John: I think maybe assist our own skills within the office, maybe we just have to become a little better at what we do there. But I know that when you get these big massive data sets, and you get to collect, you are trying to winnow them down to something that is tangible and say, “Yeah, well, there’s one correlation there that we can pull out”. So, yeah, interesting. I never really thought about it that way. But in terms of the algorithms that go into understanding that data, or like whether using generative design to utilize that data, to inform something else. I mean, these are things we’re starting to explore a little bit. But again, an algorithm, it’s a bias in it, like you’re writing a bias.

Jutta: And biasing towards the largest homogenous group, its majority rule.

John: And majority rules. Unless we start to rethink our algorithms to kind of pull out those outliers. And seems like you go for the long tail. And yeah, that’s an interesting discussion.

Jutta: But it’s also the weak signals. I mean, as we said at the beginning, the individuals that are at the edge are the first signs that something’s going wrong. They’re the most vulnerable. And so they’re the best stress testers of whatever your design might be.

John: Yeah, well, that’s an interesting way to put it. You run through, you get your data, you run through with your algorithm to kind of define that design and then you test it against with the outlier.

Jutta: I think there’s general agreement that we’re in moving into or we are already in the complex event horizon. So it isn’t the usual Gaussian curve or the normal distribution in terms of what events are coming down the road, things are becoming more and more complex and more entangled and interactive. So its complexity theory needs to be part of our thinking. And within a complex terrain, you need that diversity and you especially need the individuals that are unlike the typical or the average because they are the bellwether of something that you may not have considered, that isn’t anticipated. That’s not within your current vision.

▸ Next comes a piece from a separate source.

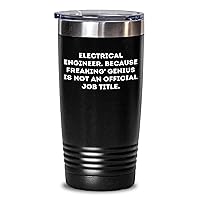 Funny Electrical Engineer Tumbler - Unique Birthday Unique Gifts for Electrical Engineers - Gifts from Co-workers to Electrical Genius - Stainless Steel Insulated Tumbler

John: Yeah, no, definitely. Definitely.

Jutta: So one of the things we say an inclusive design is that inclusive design is a precarious value, that nobody would disagree, that it’s a good thing that you should do it. And, in fact, inclusive design, inclusion, diversity have become these buzzwords that to some extent, are losing their real meaning.

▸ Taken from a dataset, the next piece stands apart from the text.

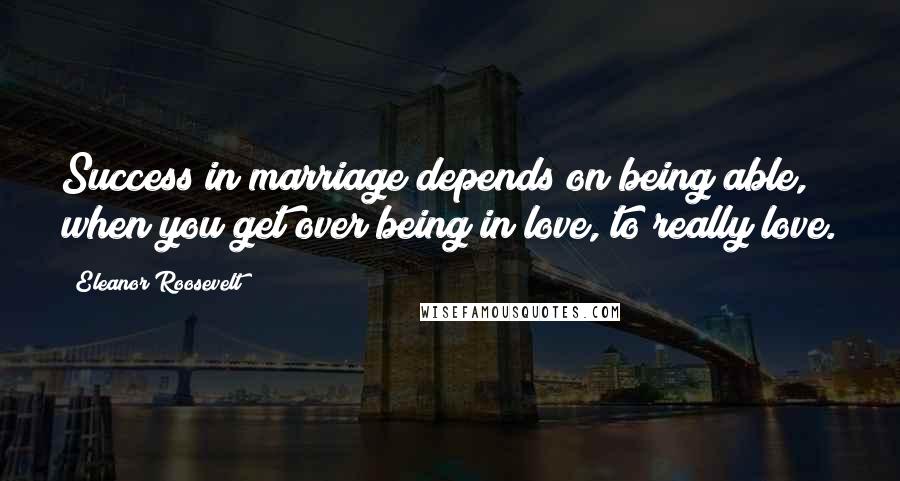 Eleanor Roosevelt Quotes: Success in marriage depends on being able, when you get over being in love, to really love.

John: Same as sustainability. Yeah.

Jutta: Right. Same as sustainability. And whenever there’s a budget crunch or there’s a time crunch, they sort of fall off the table, or they are relegated to something that’s going to happen afterwards. Is that a similar phenomenon in sustainability as well?

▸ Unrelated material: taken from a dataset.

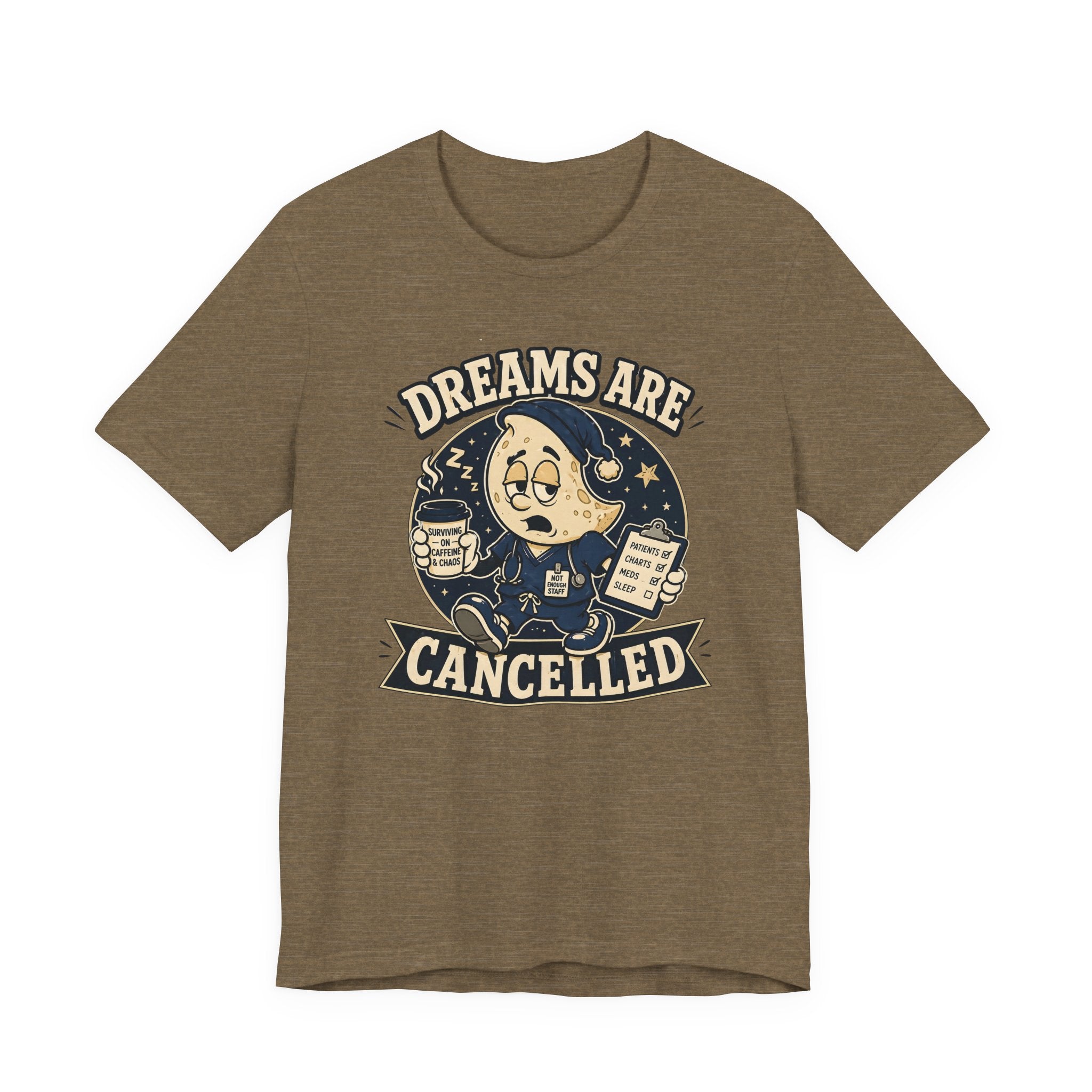 Dreams Are Cancelled T-Shirt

John: Yeah. Well, you can see that within the Architects Declare movement because they’ve reframed it. It’s in a climate emergency. And just to let people know that is something a little bit more drastic. It’s not something that’s going to be like 30 years, we’re talking … We have like, 10 years to respond. The bringing out new language idea of regenerative design, although it’s been around since the 70s. And really emboldened during the 90s and early 2000s, the aspect of biodiversity, bringing all those pieces out is super interesting. And I think really important. The aspects of inclusivity I think within decolonization and indigeneity is a super poignant one for Canadians. And I can’t wait to see how that comes to fruition within the design as we move forward. I think it’s probably one of the hardest, hardest ones to hit. Because the groups again, just don’t seem to have the voice within the communities that we’re doing the work in.

Jutta: Yeah. Well, it requires a huge paradigm shift in terms of what, how we need to rethink, not just our processes, our assumptions, and it’s critical that it does happen. There are quite a number of affinities between inclusive design, especially inclusive design research and indigenous research methods. And the emphasis on multiple perspectives, the holistic view of what you are intervening. One of the things that we’ve been exploring is this idea of epistemic justice, where epistemology being ways of knowing, and there has been a tendency to ignore certain ways of knowing or disrespect certain ways of knowing, and some people or many people also talk about at the epistemicide, meaning that we’re sort of killing off to some extent the various ways of knowing, and those ways of knowing are additional perspectives that we need for that diversity of approaches that we need to take to the complex adaptive system that we’re working with right now.

And certainly, indigenous communities have a much richer, more fulsome, or more multi-perspectival sense of how to look at something, how to explore the possibilities that are there. And the science tradition is all about using data as from the past, there’s very little there with respect to imagining futures or thinking about what might be, it’s more about predicting what might be from, what was in the past or what is currently in the present, the data that we have. So I think we need to go well beyond that if we simply use data and data analytics and evidence as we currently think of it, then we are restricting our views to optimizing from the past. It’s not a way to change the culture. It’s not a way to do something that is a paradigm shift. That’s significantly different.

John: Yeah, definitely some of the kind of indigenous principles that have come out in the past little while, like in a sense of how designers can respond to it and looking at the three generations back, the current generation, and three generations forward is a super interesting way to really think differently about the project and trying to figure out what that means.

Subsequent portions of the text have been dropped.